The world-building is superbly, completely and compelling done, and as Dennis is drawn ever further into how a fictitious book exists in his London and what it staying there could do to life we know it, we are treated to footpaths that come alive and try to consume and ideas of Crime and Poetry bursting forth as beings capable of both great beauty and terror.

While Dennis often finds it all too much – it’s an assault on the senses for mere non-magical mortals and most people are never the same after they encounter the Great When in all its maddening glory – he comes to know some of its less dangerous inhabitants who take him on a grand adventure which comes to change his life in all kinds of good and monumentally fundamental ways.

he [Dennis] is immediately somewhere else, amid skyscraper blossoms that have tender green stems bigger than the trunks of elms, and fragrance so thick he can cut it with a knife … behind, the doorway inconceivable is closed once more, leaving a blacker black between the redwood irises, an interruption of decanted starlight …

But not before he finds himself at the mercy of all kinds of strange forces in London’s occult underbelly, a place where a certain logics applies but not one which even eighteen-year-old aspiring writers can even reasonably grapple with and which defy anyone’s ability to make sense of it.

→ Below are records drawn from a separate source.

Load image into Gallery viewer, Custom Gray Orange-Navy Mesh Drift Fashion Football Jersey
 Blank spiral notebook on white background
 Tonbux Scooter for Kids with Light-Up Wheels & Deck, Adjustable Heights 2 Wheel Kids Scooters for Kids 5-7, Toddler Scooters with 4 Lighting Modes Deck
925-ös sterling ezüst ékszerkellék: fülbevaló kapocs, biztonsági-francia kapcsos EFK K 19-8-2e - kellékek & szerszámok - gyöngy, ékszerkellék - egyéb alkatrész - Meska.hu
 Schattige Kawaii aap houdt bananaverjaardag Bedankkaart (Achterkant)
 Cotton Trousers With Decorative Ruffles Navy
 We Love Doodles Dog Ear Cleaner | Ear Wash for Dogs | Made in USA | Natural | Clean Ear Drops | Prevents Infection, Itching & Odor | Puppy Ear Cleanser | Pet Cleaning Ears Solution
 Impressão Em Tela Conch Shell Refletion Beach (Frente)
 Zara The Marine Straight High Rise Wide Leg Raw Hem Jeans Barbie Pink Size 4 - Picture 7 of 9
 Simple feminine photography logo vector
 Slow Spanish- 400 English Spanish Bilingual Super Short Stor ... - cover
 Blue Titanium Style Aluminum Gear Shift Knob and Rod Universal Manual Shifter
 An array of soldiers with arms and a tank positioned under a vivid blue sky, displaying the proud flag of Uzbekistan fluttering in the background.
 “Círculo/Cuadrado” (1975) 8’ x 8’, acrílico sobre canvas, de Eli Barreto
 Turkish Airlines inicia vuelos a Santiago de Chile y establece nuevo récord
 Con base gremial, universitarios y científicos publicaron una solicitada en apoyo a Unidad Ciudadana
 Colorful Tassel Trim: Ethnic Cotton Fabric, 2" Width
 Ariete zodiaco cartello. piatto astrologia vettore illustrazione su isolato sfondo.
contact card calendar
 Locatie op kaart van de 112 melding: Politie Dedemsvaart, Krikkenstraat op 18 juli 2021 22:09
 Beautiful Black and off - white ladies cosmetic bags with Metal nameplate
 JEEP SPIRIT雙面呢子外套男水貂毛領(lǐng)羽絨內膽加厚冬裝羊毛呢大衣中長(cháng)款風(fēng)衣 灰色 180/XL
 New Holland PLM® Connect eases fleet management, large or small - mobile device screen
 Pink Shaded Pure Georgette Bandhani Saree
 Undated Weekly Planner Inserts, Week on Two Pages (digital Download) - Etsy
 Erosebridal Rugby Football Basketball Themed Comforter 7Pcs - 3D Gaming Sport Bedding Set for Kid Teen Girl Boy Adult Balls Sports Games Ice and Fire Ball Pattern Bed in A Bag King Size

Though, thankfully, Dennis encounters kind souls on either side of the divide between the two Londons who help him make sense of what he is holding in his hand, what must be done with it, and how he can bring everything to some sort of decent and rational conclusion.

Surging with imagination, passion, and a fervent love for the imaginatively rendered written word, The Great When is one of those books that consumes you utterly and which, as Moore no doubt envisaged, creates a reality so potent and believable that you will find yourself looking for hidden portals and strange doorways to realms which may exist in and under your own city or home region.

Exciting, adventurous, intense and full of vividly-realised characters both good and bad, and a lovely sense of found family and connectivity which is Dennis’s real gift from a riotously full-on adventure full of portentous fate, threats and possibility, The Great When (part of a planned series of novels) is a gloriously alive and vital read which will exercise your imagination, thrill your soul and maybe even get into your heart as you realise how much can change from the most unexpected of events.